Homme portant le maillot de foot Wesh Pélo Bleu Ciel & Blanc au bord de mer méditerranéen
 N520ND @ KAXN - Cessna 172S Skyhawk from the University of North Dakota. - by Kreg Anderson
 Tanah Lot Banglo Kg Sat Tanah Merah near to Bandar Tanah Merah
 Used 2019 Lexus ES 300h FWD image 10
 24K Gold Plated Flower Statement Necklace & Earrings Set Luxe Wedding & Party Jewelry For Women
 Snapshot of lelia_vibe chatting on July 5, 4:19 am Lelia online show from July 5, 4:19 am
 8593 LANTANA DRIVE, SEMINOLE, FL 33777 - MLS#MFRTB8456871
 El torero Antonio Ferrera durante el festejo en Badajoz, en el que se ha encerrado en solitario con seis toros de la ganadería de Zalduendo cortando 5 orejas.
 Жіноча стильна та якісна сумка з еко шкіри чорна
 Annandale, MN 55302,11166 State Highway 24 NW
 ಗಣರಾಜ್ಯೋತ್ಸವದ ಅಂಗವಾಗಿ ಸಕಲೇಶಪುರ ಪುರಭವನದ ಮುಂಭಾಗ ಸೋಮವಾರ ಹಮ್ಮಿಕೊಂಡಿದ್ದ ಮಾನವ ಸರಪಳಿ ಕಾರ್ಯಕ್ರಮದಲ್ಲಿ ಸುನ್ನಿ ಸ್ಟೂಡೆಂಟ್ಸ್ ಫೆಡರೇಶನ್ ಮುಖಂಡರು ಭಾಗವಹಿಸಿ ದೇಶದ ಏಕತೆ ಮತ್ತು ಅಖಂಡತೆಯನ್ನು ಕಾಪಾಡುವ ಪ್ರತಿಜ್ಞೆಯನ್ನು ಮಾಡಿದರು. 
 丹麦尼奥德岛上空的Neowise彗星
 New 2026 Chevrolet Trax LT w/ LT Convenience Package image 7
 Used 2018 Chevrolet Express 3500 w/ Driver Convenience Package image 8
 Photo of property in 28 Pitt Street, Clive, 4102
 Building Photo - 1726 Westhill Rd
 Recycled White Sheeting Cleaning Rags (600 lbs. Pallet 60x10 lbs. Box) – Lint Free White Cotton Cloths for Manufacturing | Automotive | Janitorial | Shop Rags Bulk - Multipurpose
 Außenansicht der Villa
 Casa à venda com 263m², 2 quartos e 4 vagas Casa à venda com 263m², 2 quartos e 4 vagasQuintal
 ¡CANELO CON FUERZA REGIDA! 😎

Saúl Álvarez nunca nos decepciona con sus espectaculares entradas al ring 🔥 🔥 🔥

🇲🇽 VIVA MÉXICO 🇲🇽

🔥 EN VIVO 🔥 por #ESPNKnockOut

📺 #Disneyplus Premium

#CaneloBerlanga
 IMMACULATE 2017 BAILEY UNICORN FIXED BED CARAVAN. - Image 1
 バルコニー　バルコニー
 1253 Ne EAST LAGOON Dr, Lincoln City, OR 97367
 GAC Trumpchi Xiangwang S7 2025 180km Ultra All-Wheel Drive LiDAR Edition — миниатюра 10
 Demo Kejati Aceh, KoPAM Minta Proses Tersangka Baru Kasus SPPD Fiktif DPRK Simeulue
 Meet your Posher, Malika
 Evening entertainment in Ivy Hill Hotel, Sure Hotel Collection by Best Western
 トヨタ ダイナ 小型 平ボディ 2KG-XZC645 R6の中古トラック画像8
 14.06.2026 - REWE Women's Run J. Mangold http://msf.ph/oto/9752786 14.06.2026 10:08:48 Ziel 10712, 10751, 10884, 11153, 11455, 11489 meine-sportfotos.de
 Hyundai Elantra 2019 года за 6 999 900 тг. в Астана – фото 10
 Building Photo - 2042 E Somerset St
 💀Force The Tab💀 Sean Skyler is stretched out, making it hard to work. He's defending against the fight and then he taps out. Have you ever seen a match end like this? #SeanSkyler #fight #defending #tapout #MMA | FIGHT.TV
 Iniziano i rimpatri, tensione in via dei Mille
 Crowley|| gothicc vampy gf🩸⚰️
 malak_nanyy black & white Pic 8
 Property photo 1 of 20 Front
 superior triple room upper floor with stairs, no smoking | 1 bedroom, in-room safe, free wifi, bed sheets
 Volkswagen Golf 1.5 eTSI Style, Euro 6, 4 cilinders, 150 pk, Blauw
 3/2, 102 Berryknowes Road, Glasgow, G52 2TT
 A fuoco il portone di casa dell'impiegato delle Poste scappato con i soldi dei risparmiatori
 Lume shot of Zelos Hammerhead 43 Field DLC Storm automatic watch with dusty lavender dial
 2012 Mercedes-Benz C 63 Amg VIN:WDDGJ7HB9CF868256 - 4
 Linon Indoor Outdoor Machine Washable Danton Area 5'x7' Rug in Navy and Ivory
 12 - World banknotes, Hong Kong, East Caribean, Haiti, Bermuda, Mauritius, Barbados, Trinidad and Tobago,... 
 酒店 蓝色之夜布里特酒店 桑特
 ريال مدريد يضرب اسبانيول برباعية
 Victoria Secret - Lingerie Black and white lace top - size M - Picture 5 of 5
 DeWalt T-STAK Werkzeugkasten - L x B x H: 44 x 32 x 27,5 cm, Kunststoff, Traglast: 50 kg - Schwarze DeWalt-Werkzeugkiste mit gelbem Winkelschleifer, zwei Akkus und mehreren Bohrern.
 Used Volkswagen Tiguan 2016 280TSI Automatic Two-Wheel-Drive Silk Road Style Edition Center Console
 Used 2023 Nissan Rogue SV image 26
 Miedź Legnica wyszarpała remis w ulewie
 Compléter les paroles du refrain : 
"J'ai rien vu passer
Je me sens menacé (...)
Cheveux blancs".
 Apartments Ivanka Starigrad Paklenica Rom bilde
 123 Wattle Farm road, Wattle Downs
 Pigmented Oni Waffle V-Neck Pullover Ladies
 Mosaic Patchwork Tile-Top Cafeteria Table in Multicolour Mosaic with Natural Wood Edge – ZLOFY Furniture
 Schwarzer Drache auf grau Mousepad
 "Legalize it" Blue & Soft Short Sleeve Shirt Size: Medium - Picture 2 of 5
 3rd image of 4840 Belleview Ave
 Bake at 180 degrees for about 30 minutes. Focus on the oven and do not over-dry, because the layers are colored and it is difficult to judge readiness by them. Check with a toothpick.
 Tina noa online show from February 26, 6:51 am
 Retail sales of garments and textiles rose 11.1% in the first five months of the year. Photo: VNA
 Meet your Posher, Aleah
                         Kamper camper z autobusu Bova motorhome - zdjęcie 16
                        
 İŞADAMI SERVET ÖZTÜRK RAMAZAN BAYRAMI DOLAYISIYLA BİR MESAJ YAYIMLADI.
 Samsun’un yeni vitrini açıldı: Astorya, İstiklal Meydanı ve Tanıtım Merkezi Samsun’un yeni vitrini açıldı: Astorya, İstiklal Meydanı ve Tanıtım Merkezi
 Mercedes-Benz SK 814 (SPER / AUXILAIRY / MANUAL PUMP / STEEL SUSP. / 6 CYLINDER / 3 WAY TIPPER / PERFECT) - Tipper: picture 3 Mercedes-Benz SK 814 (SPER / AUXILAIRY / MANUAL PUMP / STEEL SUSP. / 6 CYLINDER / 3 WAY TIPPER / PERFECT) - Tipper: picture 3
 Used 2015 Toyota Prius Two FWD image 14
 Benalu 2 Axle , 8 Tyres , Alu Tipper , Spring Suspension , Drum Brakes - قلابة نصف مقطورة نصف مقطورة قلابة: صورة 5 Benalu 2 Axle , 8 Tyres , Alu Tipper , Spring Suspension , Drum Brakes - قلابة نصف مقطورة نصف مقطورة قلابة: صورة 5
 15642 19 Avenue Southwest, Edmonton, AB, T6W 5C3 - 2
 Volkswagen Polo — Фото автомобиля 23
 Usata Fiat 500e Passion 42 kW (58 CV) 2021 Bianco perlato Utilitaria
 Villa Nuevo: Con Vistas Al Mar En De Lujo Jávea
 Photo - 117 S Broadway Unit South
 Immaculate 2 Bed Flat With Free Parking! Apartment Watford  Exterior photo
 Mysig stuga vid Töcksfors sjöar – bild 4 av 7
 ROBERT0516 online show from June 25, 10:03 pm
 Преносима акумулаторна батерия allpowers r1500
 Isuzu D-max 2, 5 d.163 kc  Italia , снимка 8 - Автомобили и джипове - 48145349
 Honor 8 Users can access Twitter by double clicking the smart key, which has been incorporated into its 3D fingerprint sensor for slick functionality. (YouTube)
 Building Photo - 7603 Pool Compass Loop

* **YOUR ASSIGNMENT**
Starting at the line with "malak_nanyy black & white Pic 8" and ending at the line with "Volkswagen Golf 1.5", print each line of the listing above exactly, with no other lines.

* **ANSWER TO THIS TASK**
 malak_nanyy black & white Pic 8
 Property photo 1 of 20 Front
 superior triple room upper floor with stairs, no smoking | 1 bedroom, in-room safe, free wifi, bed sheets
 Volkswagen Golf 1.5 eTSI Style, Euro 6, 4 cilinders, 150 pk, Blauw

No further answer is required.